Metaphysics: reifying runtimes to be able to work
Javier Pimás
In this work, we experiment with adapting live programming tools to make them safer for the development of Bee Smalltalk, they can work on systems which crashed or that are not fully working. We will show Metaphysics, a framework that combines mirrors and proxies to reify different message execution semantics, allowing execution of code by mixing behavior of a remote, possibly broken system with a local fully-working one. With Metaphysics we were able to create native code debugging and profiling tools.
Automated Reasoning and the Behavior of the Smalltalk VM
Boris Shingarov
In practical engineering of the Smalltalk VMs in industrial use today, the "Just-in-Time" native compiler is programmed via one or another from of direct expression of machine-language program text output. As such, the execution engine definition is an entanglement of the VM programmer's intuition about what the bytecodes mean, with that person's intuition about what the machine instructions do. The reasoning about why the construct works is carried out informally in the programmer's head, and usually lost (discarded/forgotten) after the construct is written as source code; at best, we may be provided with a U-language remark in a comment. Attempting to address this problem, the author built two different n-code generators based on two independent principles. In the first approach, the machine automatically finds instruction sequences using a unification algorithm which matches formal definitions of bytecode semantics to formal definitions of processor instruction semantics. In other words, the n-code generator is automatically inferred from a formal processor description. In the second approach, the transformations leading from bytecode to machine code are specified by the human programmer, but the semantics of each representation language is specified with enough formal rigor to allow a mechanical proof of semantic preservation, carried out in an automatic theorem prover. In retrospect, it turns out that the two code generators are unexpectedly similar in fundamental operation. In this talk, we'll look at both and try to recognize some common principles which should be applicable universally to any effort towards rigorous Smalltalk execution engine construction.
The makings of Beenux (Bee for Linux)
Gerardo Richarte
This is an experience report on my somehow successful attempts to port Bee from Windows to Linux. I've followed some paths I've backtracked, and took some shortcuts with a clear direction. Taking an incremental constructive approach, the first milestone was gone and the next will be done probably at the time of the talk. The rest will probably be left as an exercise for the future .

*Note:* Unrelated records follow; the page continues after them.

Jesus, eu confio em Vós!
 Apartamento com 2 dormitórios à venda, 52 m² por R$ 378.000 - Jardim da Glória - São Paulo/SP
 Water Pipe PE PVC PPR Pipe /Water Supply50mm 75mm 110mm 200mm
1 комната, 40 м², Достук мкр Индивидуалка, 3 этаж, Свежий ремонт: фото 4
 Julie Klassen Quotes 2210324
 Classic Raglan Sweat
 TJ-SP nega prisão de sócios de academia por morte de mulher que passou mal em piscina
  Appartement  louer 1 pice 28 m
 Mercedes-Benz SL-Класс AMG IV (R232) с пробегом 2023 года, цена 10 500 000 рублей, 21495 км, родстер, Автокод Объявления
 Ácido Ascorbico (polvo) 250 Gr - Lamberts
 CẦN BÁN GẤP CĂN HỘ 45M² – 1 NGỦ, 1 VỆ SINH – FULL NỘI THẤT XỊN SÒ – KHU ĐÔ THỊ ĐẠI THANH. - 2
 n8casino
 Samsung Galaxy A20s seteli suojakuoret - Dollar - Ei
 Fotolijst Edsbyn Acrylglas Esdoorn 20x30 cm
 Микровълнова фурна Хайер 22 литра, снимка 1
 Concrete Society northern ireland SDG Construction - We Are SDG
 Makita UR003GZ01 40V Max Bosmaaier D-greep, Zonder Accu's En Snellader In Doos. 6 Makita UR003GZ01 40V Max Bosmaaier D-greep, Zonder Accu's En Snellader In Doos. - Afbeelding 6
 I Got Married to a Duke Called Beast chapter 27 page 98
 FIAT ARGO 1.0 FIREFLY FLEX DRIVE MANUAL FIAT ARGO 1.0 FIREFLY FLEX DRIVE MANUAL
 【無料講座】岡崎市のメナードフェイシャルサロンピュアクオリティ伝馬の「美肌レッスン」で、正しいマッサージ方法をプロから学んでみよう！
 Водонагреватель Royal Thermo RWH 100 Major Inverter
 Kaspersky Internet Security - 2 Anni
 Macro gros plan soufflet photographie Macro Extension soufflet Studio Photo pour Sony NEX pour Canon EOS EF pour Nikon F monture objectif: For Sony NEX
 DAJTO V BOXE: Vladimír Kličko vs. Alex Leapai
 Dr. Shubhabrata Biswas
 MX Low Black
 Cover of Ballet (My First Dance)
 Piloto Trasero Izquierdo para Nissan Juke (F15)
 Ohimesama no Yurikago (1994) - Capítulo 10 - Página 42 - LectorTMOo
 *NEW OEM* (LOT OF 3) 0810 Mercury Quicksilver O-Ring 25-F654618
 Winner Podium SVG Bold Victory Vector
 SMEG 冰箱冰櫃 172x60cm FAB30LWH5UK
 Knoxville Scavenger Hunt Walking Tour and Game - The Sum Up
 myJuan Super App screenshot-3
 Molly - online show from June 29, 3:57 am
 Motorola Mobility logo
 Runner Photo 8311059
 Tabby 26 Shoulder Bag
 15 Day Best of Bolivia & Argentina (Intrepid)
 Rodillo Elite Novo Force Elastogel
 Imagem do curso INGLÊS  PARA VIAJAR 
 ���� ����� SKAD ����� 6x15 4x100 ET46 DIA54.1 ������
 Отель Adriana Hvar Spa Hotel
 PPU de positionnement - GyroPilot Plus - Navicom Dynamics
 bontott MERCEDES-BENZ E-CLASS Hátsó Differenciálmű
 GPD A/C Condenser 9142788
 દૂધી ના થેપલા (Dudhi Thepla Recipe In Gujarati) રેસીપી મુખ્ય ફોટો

Thin locks: featherweight synchronization also for Smalltalk
Jan Vrany
Traditional and still prevalent concurrency model is based on threads and shared mutable state. Smalltalk is no different in that respect, having processes that can run concurrently virtually "ever since". The traditional solution to prevent race condition is to use locks for synchronization. Many actions must be properly synchronized, even the simplest things like a Transcript or an access to a method source code. In this presentation I will talk about motivation, use and actual implementation of thinlocks - a fast locking mechanism invented for Java - in scope of Smalltalk.